Bien que les lettres d’intention aient une fonction et une utilisation similaires dans de nombreux systèmes juridiques, elles sont encadrées par des dispositions légales et des pratiques spécifiques qui varient d’un pays à l’autre. Dans cet article, nous proposons une analyse comparative des lettres d’intention en droit français et en droit espagnol, en soulignant à la fois leurs similitudes ainsi que leurs principales différences.

En vertu de la loi française.

En droit français, bien que la LOI ne soit pas strictement réglementée quant à sa forme ou à son contenu, sa rédaction et son utilisation peuvent avoir des implications juridiques importantes, notamment en matière de responsabilité précontractuelle.
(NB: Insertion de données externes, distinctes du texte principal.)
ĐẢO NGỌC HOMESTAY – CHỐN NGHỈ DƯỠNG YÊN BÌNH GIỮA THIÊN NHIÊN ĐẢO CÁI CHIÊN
En France, la responsabilité précontractuelle est régie par l’article 1112-1 du Code Civil, qui instaure deux principes essentiels :

  • Devoir d’information : pendant les négociations, les parties ont le devoir de fournir des informations pertinentes susceptibles d’influencer la décision de l’autre partie de conclure le contrat. L’omission d’informations importantes ou la fourniture d’informations trompeuses peut engager la responsabilité précontractuelle.
  • Bonne foi dans les négociations : les parties doivent agir de bonne foi, ce qui implique un comportement loyal et honnête. Une rupture abusive des négociations ou un comportement de mauvaise foi peut donner lieu à des demandes de dommages et intérêts.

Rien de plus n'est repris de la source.